ENTRIES SHOWN START
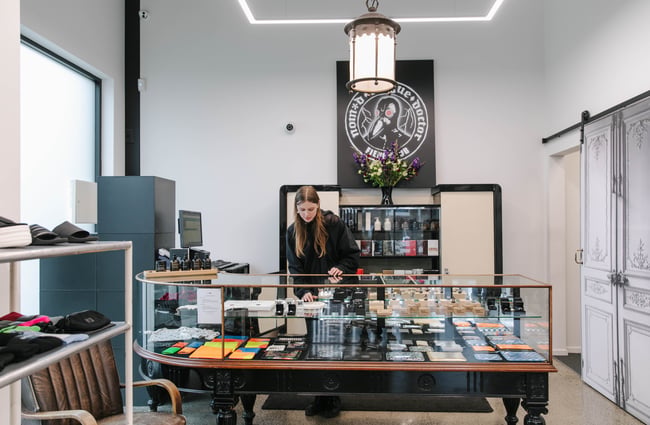 A staff member behind the counter at PLUME.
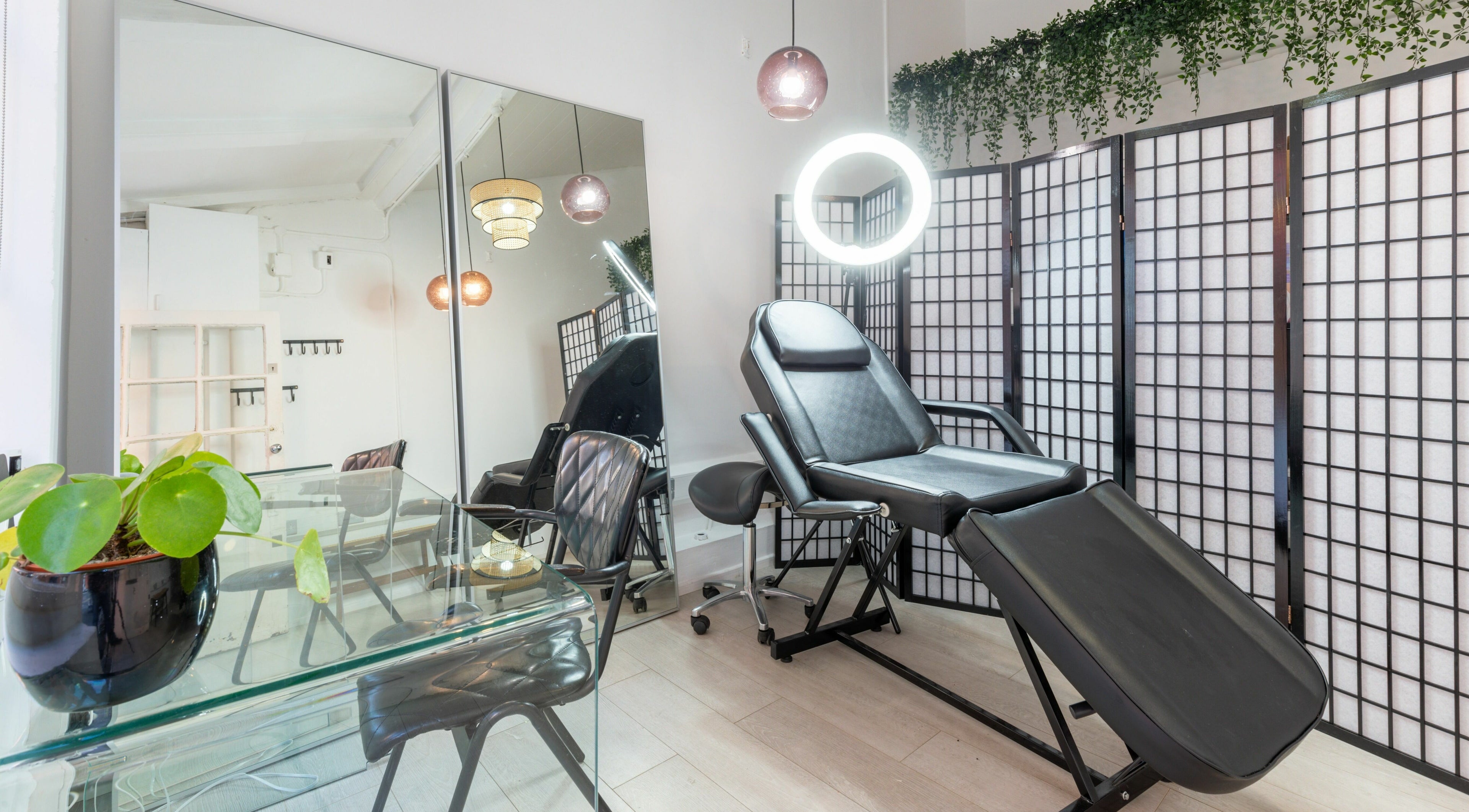 Modern treatment room at Jiemao Lashes & Brows Shoreditch, London, England, GB featuring a chic reclining chair.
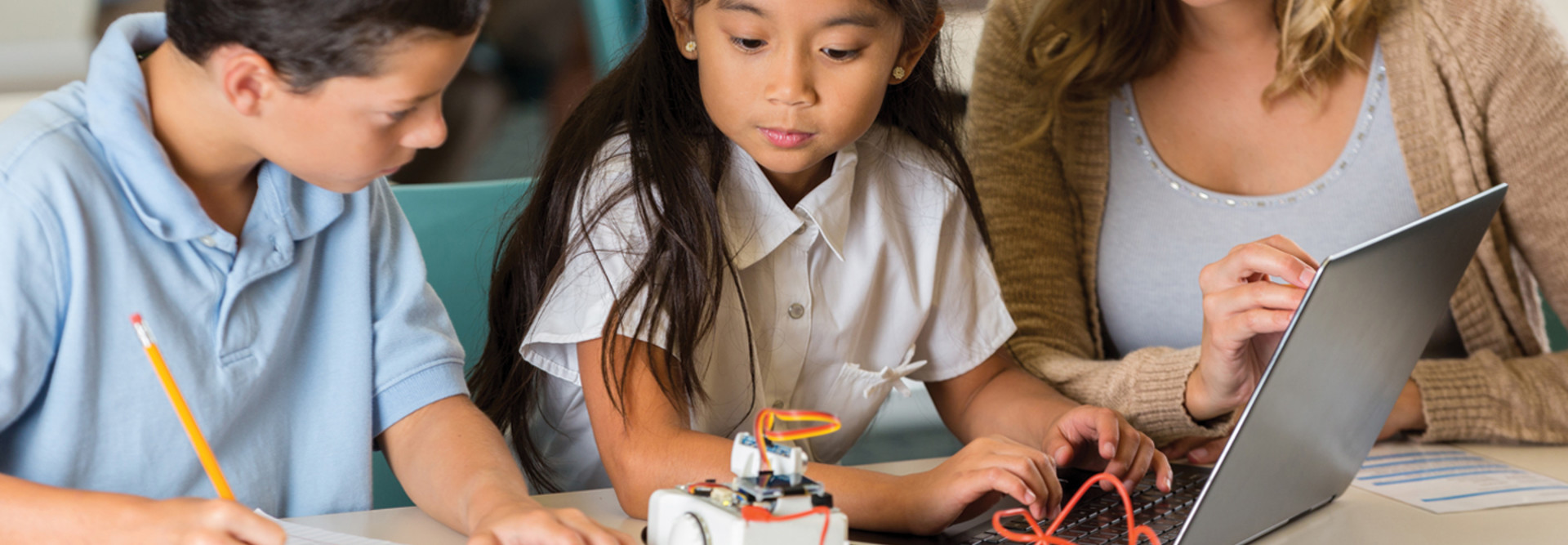 School students work on robotics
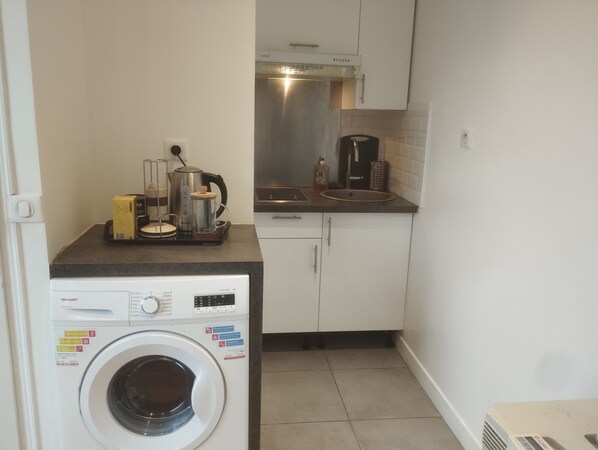 A compact kitchen with a washing machine, a coffee maker, and a kettle on the countertop.
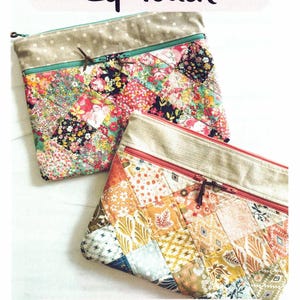 May include: Two patchwork zip pouches with floral and geometric patterns. The pouches have a divided double zip design and are approximately 9 inches by 12 inches. The text "Divided Double Zip Pouch" is at the top.
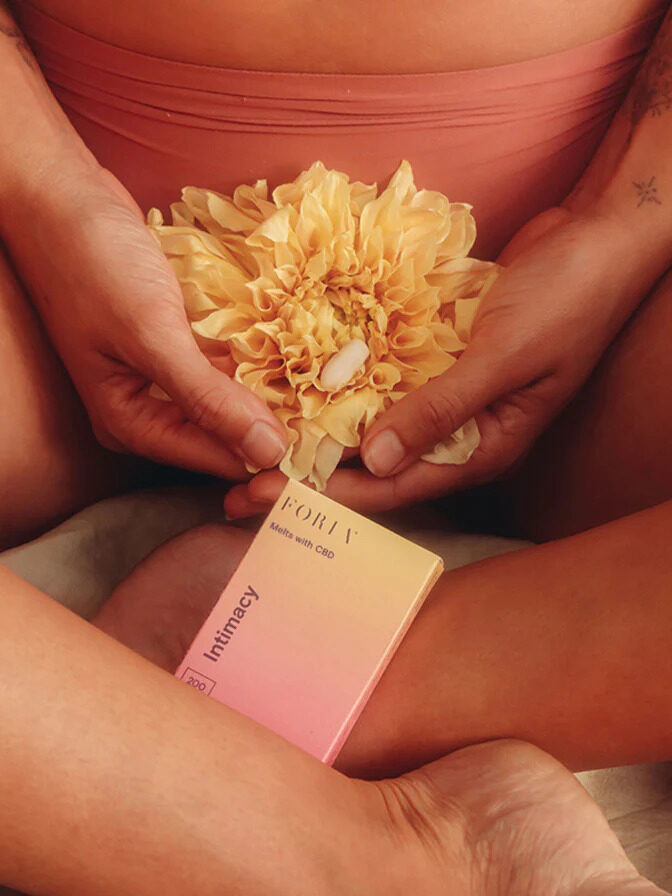 Close up of a model seated with their legs crossed, holding a flower, with Foria's Intimacy Suppositories under their hands.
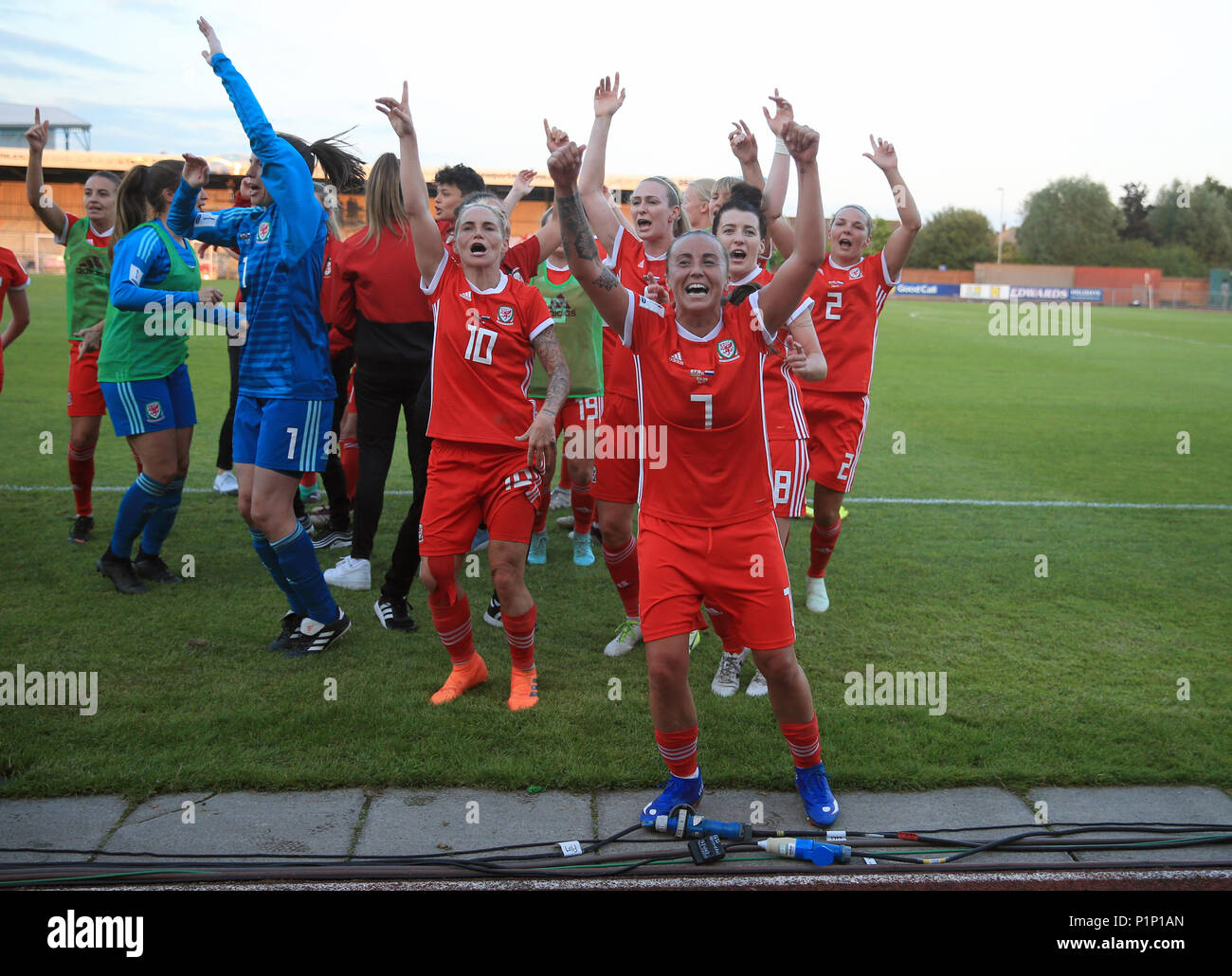 Wales Women players celebrate victory after the FIFA Women's World Cup Qualifying Group One match at Newport Stadium, Newport. Stock Photo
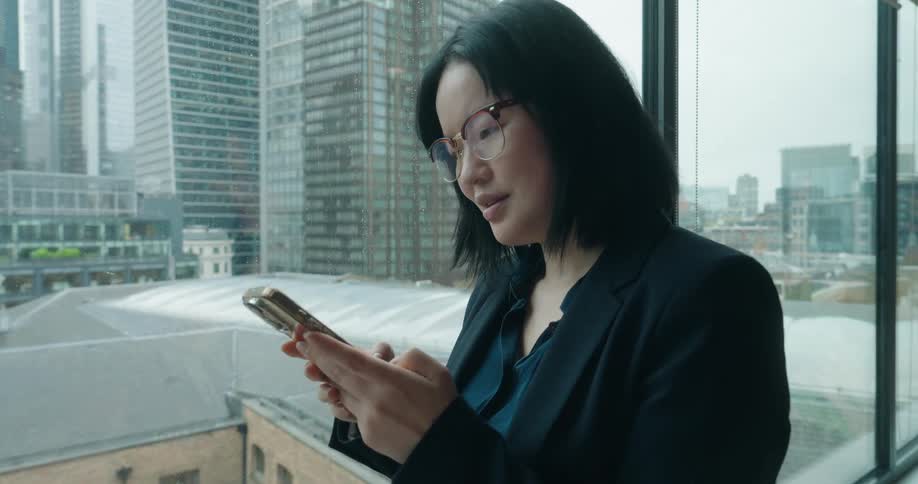 The video shows a woman dressed in professional attire a dark blazer standing indoors next to a large window overlooking a city skyline of tall buildings she is holding a goldcolored smartphone and initially appears focused on texting or browsing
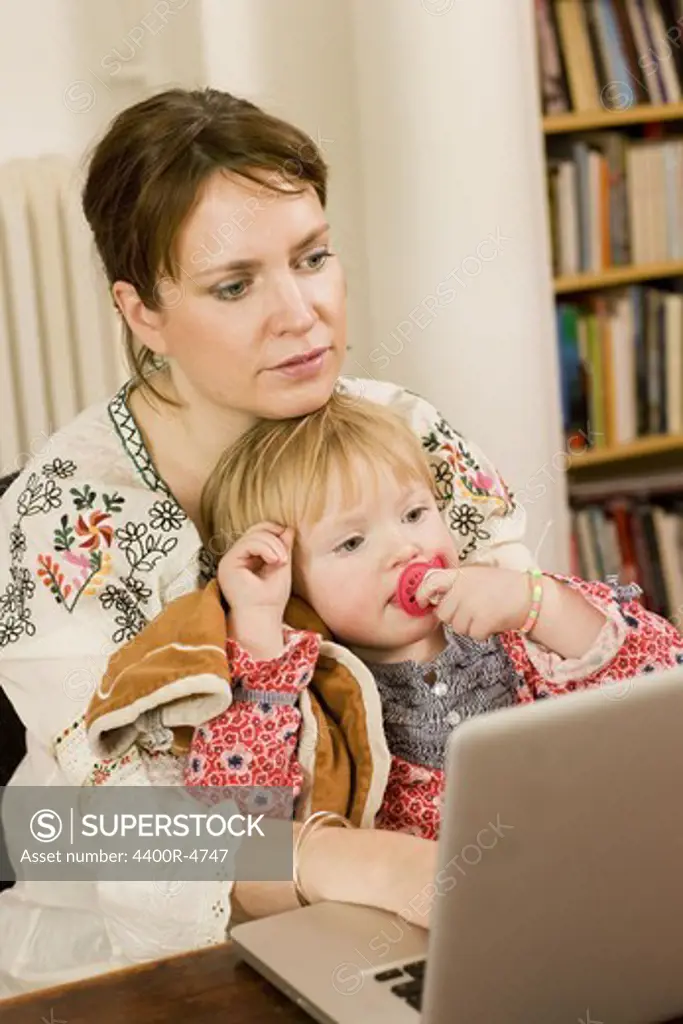 Woman using laptop with daughter on lap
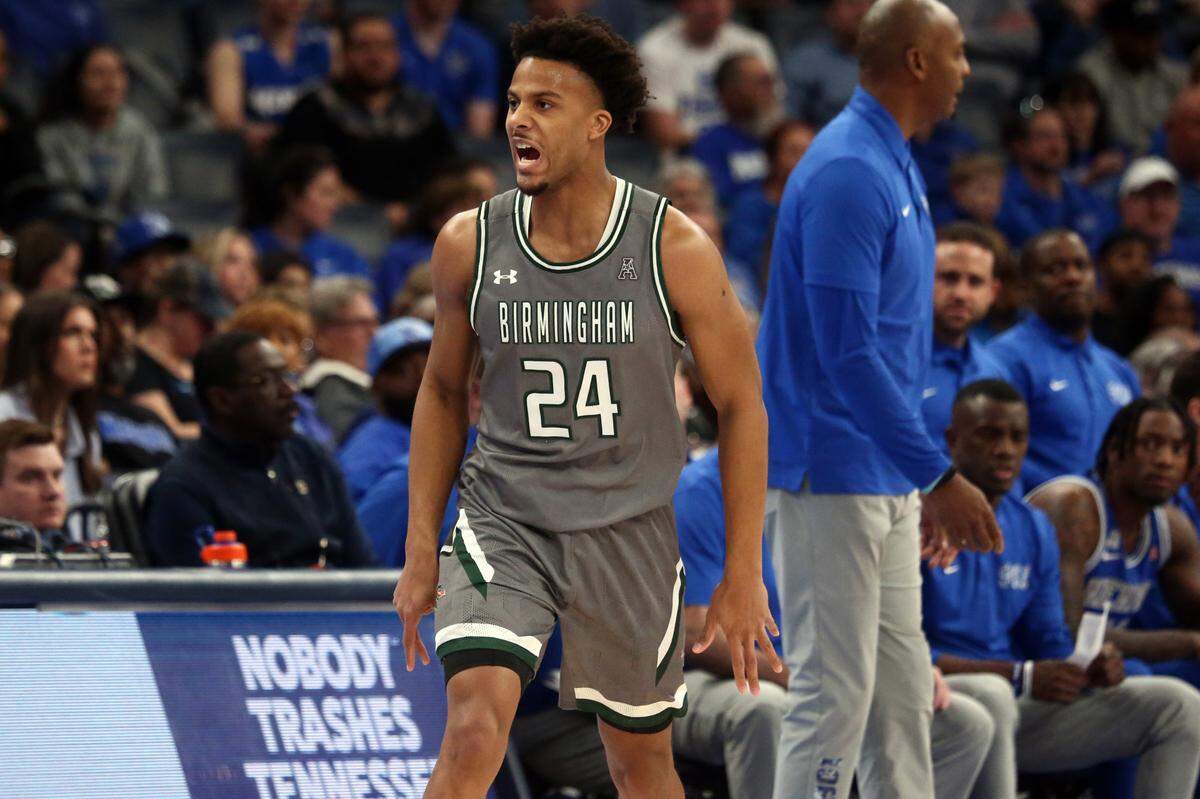 Mar 3, 2024; Memphis, Tennessee, USA; UAB Blazers guard Efrem Johnson (24) reacts during the first half against the Memphis Tigers at FedExForum.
ENTRIES SHOWN END
Reproduce the records exactly, starting with their first line and ending with the line that contains "Wales Women players", though pictures should be dropped.

 A staff member behind the counter at PLUME.
 Modern treatment room at Jiemao Lashes & Brows Shoreditch, London, England, GB featuring a chic reclining chair.
 School students work on robotics
 A compact kitchen with a washing machine, a coffee maker, and a kettle on the countertop.
 May include: Two patchwork zip pouches with floral and geometric patterns. The pouches have a divided double zip design and are approximately 9 inches by 12 inches. The text "Divided Double Zip Pouch" is at the top.
 Close up of a model seated with their legs crossed, holding a flower, with Foria's Intimacy Suppositories under their hands.
 Wales Women players celebrate victory after the FIFA Women's World Cup Qualifying Group One match at Newport Stadium, Newport. Stock Photo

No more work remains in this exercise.